45 menit kemudian, datang seorang lelaki berperawakan India dan meminta maaf karena telah membuat sy menunggu lama sambil memperkenalkan diri. Beliau adalah Mr. Ajit, petugas dari Embassy yang bertugas mewawancarai peserta yang lolos. Pak Ajit banyak beratnya terkait program yang sy pilih. Lalu bertanya terkait hubungan India, Indonesia, dan juga China. Kebetulan bangett beberapa minggu lalu sy baru menulis sebuah opini tentang isu tsb, alhamdulillah proses wawancara lewat dan selesai dengan baik. Meski mungkin wajah sy sudah pucat dan sedari pagi belum sarapan dan suhu AC di ruangan yang sangat dingin 😂

(Mr. Ajit, may I ask you are question?)
(Yeah, what is the question?) Tanya beliau.
(Jika tuan tidak keberatan, bolehkah sy meminta untuk proses visa dilakukan hari ini? Karena besok sy harus masuk kerja dan kembali ke Pontianak besok pagi jam 7?)
Dengan wajah tersenyum dia mengatakan (I will try my best). Sambil terus menuliskan disposisi terkait proses visa yang akan disampaikan kepada Bapak Dubes.
(Kamu dari Pontianak? Ada flight dari Pontianak ke KL? Agar kamu tidak perlu ke Jakarta lagi nanti saat berangkat. Agar lebih hemat), ucapnya.
(Ada, Pak).
(Baik, nanti silakan kirim email ke Mr X dan minta dia untuk memesankan tiket dari Pontianak to KL and New Delhi). Ah, Pak Ajit baik sekali. Tadi kata Mr X kudu dari Jakarta tapi beliau menepis statement itu. Seketika rasa lafar itu hilang dan auto semangat kembali.

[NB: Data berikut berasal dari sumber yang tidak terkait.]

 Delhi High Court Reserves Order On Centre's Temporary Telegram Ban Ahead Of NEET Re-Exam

(Mari, ikut sy umtuk bertemu dengan Bapak Dubes). Sy mengikuti beliau dan bertemu dengan Pak Dubes.
Pak Dubes menjabat tangan sy dan dengan gembira memberikan selamat.
(Dari mana asalmu?)
Sy dari Aceh Pak, tapi saat ini sy bekerja di Pontianak.
(Sudah menikah?)
Sudah Pak.
(Wah, pastii pasanganmu bahagia. Sy senang jika ada anak muda yang semangat seperti Anda)
Terima kasih, Pak.
(Aceh di bagian mana?)
Takengon Pak, Aceh Tengah. Kota yang dikenal dengan rasa kopinya.
(Ya, sy sangat familiar dengan kopi Gayo.
Semoga sukses menjalani programnya, persiapkan diri dan jaga kesehatan karena India sudah memasuki musim dingin saat ini).
Baik Pak, I will.
Beliau menuliskan beberapa kata di atas kertas lembar disposisi.
(Nanti silakan datang lagi jam 4 ke sini, untuk ambil visanya). Dia berdiri, juga sy sambil menjabat tangan erat dan mengucapkan terima kasih.

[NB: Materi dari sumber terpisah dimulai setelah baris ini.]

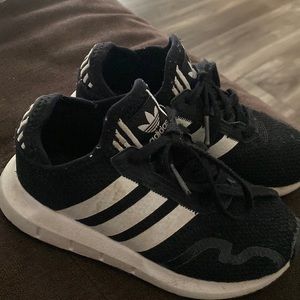 Kids Adidas size 11 black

Mr Ajit kembali memastikan bahwa visa akan selesai dan bisa diambil hari ini tertanggal 18 Desember. Sy kembali berterima kasih mengucapkan syukur bahwa Allah menjawab do'a sy hari ini.

Saat sy mengambil visa, seorang sekuriti berkata (Pak, kamu beruntung hari ini ketemu Mr. Ajit. Beliau sangat baik kepada siapa saja). Again, asykurullaha syukraan katsiraan.

Sambil kembali ke penginapan, sy mendapatkan beberapa ucapan dari teman mahasiswa. (Enak banget ya jadi Bapak, kepilih jadi Pengajar Muda program Kebijakan Luar Negeri di CSIS, trus lolos esai Kemenpora. Sekarang dapat beasiswa pelatihan ke India. Nanti bawa pohon ya Sir dari sana dan oleh-oleh pokoknya. Sy berterima kasih.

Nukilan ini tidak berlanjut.